1. Research Requests
Involve soliciting research or information; may include questions about the etiology, prevalence, or interventions to address a particular area of concern. Responses to these types of requests include:
Reviewing administrative data (e.g., prevalence rates, variability in state practices)
- Reviewing preventive intervention strategies (e.g., evidence-based programs)
- Summarizing etiologic evidence (e.g., antecedents; risk or protective factors)
- Identifying likely impact on public systems (e.g., fiscal impacts)
- Reviewing administrative data (e.g., prevalence rates, variability in state practices)
2. Consultative Meetings with Researchers
Dialogue with individuals who have direct subject-matter experience sometimes has additional value beyond written synthesis alone. Researchers from across the nation can be organized to meet by phone, or in certain cases, brought together to meet in-person.
3. Reviewing Legislative Language
RPC staff work with research experts to interpret provisions in bills and make recommendations. Some recommendations may be drawn from model state or other federal legislation. The RPC is currently committed to better understanding how research evidence can be reinforced in written legislative language so that these recommendations are as concrete and specific as possible. Visit our Evaluation page to learn more about our current evaluative efforts.

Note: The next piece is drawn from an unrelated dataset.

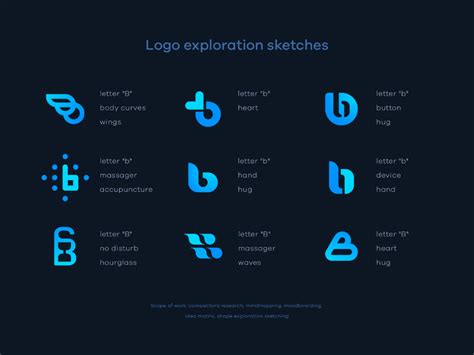 Dribbble B Exploration Sketches04png By Dmitry Lepisov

4. Identifying and Preparing an Expert Witness for a Congressional Hearing
Our Rapid Response Network serves as a great place for identifying specialists in a given field. Through involvement in the RPC, identified researchers will be prepped to testify at a congressional hearing (an event scheduled by legislators or their staff, involving the testimony of several witnesses, including experts).
5. Writing a Policy Brief
After acquiring relevant research from our Rapid Response Network, the RPC will further assist in preparing a 1-2 page(s) report regarding a policy issue, written for a non-scientific audience. This reviews the empirical literature as it relates to a specific bill. While the RPC will review the extent to which legislation does or does not align with an empirical basis, no specific stance is taken to endorse or oppose legislation. See our non-partisan stance for more information.

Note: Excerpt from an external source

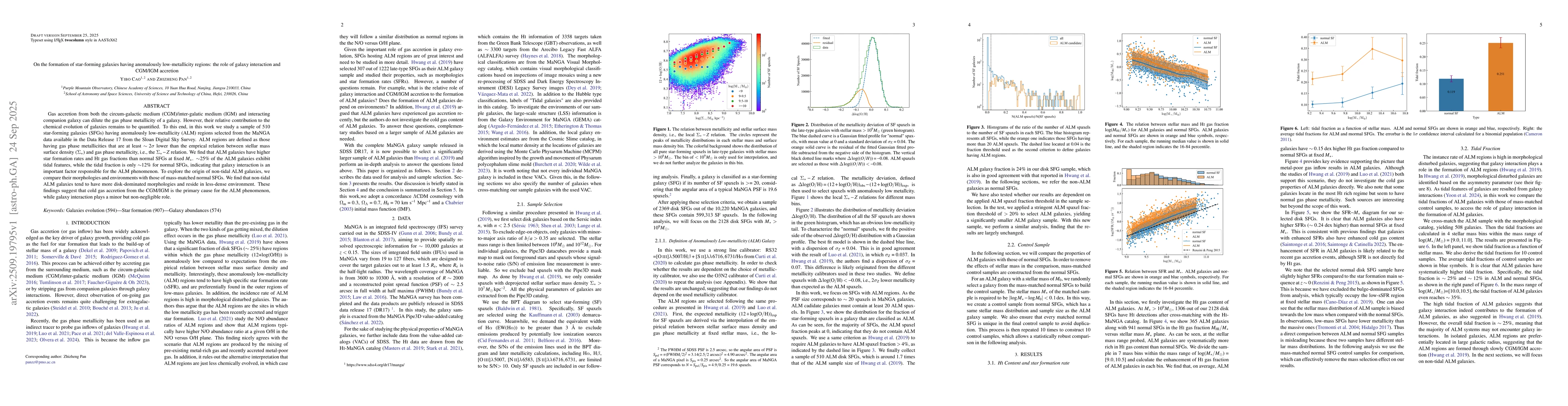 Thumbnail for On the formation of star-forming galaxies having anomalously
  low-metallicity regions: the role of galaxy interaction and CGM/IGM accretion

6. Organizing a Congressional Briefing
In coordination with legislative offices and our Rapid Response Network, the RPC may organize a congressional briefing for researchers to present research pertaining to a specific policy issue. Similar to a conference symposium, where panelists discuss a certain issue, speakers at these briefings present clear take-home points about the state of the evidence and how to use it.
7. Rapid Response Events
A series of face-to-face meetings are coordinated around a broad topic (e.g., juvenile justice; child welfare), bringing together participating congressional offices and teams of researchers with expertise relevant to the current policy priorities discussed in prior meetings with the RPC coordinator. Meetings are designed to develop brief strategic plans for working together (e.g., coordinating collaborative efforts described above). Initiating a substantive collaborative effort between researchers and legislative offices is expected to be the springboard for developing long-lasting, working relationships between researchers and legislative, the primary intent of the RPC.